> **Supplied entries**
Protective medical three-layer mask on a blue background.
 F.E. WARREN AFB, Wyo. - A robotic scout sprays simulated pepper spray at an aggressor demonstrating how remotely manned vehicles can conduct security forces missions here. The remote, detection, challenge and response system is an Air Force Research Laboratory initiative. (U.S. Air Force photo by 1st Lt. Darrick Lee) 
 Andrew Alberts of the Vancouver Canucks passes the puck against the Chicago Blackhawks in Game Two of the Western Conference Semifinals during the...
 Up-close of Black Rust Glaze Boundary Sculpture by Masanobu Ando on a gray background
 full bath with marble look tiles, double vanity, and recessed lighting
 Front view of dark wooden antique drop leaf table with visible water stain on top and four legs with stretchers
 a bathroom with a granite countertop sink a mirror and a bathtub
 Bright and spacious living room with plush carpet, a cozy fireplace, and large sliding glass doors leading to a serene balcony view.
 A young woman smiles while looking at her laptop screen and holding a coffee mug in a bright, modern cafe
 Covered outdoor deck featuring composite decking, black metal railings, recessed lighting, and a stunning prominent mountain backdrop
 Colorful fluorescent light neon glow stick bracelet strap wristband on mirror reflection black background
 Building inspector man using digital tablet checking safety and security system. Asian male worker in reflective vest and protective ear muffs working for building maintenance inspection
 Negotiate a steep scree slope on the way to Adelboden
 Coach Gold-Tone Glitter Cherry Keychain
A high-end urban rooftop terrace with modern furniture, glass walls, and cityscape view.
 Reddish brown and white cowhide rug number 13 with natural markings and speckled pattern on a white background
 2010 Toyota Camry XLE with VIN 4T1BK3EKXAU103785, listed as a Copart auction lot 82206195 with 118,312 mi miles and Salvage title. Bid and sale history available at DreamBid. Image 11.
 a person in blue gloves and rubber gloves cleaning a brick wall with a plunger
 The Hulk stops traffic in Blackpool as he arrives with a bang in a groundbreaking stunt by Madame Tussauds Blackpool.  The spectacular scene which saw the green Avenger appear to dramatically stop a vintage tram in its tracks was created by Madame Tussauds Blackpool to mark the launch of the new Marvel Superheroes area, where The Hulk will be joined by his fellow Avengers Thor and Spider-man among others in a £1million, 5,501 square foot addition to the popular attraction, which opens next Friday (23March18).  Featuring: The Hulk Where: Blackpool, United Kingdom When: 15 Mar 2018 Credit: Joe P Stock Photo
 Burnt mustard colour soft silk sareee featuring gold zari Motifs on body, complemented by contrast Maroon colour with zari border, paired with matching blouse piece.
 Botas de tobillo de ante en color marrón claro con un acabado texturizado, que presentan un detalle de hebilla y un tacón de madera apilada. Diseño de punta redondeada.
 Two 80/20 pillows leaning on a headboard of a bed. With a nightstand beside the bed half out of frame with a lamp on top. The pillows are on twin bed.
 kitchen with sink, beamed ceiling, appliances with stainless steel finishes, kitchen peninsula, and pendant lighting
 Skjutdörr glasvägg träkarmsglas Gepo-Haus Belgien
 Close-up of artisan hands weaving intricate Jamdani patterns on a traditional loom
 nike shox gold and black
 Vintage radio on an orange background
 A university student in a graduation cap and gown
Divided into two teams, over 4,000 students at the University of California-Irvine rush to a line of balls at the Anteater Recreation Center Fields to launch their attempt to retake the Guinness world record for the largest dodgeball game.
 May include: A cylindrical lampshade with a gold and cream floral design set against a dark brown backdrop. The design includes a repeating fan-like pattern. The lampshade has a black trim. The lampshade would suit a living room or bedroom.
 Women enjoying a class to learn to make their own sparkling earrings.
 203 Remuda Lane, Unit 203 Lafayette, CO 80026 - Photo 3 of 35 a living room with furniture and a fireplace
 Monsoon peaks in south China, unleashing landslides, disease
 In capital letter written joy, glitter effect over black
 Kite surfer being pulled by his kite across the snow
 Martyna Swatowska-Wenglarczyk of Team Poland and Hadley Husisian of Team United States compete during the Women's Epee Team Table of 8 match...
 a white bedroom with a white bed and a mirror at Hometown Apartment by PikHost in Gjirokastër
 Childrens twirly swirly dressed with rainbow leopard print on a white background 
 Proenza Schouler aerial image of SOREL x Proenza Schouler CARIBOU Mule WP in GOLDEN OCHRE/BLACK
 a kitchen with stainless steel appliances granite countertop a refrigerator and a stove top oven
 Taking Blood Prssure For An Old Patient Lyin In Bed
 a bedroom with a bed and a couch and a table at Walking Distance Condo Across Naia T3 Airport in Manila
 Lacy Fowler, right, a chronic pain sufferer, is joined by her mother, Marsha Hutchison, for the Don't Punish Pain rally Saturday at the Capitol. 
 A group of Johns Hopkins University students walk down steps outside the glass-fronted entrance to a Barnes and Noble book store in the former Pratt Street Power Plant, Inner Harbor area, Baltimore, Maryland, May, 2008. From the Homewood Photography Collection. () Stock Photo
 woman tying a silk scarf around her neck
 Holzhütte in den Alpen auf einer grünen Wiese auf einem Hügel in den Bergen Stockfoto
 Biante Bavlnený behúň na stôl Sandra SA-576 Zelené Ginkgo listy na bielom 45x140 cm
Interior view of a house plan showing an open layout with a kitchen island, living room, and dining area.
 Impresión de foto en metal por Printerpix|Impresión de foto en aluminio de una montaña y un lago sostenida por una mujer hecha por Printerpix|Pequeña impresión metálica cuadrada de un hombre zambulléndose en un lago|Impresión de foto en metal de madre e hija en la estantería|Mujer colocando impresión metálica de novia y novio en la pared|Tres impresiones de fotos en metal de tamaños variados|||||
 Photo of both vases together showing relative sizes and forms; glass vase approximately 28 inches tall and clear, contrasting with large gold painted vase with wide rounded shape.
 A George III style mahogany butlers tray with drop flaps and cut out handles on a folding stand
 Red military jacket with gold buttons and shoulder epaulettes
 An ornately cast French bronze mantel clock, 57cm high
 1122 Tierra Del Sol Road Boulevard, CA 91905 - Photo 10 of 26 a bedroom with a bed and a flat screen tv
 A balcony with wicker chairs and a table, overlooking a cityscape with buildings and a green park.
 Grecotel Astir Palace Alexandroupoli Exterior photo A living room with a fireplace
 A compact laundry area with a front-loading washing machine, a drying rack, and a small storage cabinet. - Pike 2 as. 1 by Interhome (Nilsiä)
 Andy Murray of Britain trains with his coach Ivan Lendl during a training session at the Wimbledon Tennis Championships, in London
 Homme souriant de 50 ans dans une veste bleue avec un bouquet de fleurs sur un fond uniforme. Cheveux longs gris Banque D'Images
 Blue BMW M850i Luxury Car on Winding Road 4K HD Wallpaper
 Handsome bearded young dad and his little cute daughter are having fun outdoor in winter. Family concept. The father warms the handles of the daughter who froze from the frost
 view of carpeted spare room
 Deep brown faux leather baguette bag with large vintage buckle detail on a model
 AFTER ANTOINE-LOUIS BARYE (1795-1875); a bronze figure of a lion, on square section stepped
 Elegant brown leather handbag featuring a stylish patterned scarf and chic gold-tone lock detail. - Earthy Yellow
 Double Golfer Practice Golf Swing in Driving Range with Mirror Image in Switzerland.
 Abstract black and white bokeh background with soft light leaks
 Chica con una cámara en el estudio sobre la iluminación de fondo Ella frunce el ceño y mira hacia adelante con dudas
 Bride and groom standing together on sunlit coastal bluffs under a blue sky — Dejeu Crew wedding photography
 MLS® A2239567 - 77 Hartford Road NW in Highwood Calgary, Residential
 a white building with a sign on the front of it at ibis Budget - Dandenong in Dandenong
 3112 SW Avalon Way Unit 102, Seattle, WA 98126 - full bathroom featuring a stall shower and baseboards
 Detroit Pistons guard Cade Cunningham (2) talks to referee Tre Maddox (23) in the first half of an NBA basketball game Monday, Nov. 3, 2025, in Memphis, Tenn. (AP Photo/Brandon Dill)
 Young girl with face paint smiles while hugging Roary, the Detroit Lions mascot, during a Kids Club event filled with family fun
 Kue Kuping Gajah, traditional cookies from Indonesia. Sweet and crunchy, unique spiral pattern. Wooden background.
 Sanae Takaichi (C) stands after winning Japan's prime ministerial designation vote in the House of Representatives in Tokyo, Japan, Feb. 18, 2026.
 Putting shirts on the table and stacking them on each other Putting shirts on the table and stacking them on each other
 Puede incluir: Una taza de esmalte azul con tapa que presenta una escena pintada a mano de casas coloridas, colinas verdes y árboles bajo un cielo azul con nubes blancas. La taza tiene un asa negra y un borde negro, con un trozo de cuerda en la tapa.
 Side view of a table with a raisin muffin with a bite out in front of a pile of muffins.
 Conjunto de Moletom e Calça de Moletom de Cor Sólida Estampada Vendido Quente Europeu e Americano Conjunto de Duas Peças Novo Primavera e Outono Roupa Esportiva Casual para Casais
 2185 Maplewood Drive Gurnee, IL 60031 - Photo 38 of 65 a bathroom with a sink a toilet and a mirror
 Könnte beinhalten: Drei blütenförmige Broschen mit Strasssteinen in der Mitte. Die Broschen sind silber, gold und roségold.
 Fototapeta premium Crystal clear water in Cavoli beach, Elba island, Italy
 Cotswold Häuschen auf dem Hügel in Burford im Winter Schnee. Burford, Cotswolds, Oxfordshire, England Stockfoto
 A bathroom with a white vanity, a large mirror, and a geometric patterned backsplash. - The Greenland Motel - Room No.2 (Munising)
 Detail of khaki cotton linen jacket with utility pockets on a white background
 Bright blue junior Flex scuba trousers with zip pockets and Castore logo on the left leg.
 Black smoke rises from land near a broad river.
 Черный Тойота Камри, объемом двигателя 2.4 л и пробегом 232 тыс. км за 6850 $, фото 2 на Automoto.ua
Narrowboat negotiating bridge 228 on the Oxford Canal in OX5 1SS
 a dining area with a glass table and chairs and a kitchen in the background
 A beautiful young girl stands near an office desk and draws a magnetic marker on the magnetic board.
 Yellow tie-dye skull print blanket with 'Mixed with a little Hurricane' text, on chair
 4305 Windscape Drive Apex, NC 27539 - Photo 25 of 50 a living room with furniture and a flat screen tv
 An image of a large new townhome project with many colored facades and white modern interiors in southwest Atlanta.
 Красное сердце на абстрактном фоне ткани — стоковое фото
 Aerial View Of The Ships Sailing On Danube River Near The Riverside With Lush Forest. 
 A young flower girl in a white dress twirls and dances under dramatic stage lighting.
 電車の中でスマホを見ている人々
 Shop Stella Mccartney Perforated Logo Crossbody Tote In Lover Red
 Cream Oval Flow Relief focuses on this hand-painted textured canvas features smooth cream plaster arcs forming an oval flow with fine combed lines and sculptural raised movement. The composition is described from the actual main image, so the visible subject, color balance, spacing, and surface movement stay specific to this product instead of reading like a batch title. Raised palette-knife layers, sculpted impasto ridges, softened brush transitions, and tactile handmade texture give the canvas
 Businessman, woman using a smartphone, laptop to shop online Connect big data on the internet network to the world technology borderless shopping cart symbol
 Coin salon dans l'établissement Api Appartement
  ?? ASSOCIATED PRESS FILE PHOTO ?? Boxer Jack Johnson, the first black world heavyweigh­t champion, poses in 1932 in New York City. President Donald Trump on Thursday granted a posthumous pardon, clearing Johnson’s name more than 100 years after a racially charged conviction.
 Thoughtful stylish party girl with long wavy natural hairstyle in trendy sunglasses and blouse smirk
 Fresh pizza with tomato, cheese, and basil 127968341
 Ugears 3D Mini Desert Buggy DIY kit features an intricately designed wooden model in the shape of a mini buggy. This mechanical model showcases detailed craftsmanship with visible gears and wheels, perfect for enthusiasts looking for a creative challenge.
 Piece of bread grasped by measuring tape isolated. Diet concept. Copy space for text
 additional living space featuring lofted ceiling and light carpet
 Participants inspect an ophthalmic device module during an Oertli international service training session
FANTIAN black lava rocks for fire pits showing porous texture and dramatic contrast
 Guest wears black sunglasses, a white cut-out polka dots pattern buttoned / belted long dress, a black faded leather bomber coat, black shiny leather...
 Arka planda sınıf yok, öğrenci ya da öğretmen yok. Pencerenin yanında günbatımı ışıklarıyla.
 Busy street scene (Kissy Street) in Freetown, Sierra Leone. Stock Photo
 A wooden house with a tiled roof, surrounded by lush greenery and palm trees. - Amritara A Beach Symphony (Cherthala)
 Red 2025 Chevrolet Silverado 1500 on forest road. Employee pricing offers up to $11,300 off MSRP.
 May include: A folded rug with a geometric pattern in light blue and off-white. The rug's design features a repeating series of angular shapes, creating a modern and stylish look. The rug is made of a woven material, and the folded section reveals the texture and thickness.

> **Directions**
When a line of the material holds the string "little", copy that line.

> **Answer for the task**
 Handsome bearded young dad and his little cute daughter are having fun outdoor in winter. Family concept. The father warms the handles of the daughter who froze from the frost
 Yellow tie-dye skull print blanket with 'Mixed with a little Hurricane' text, on chair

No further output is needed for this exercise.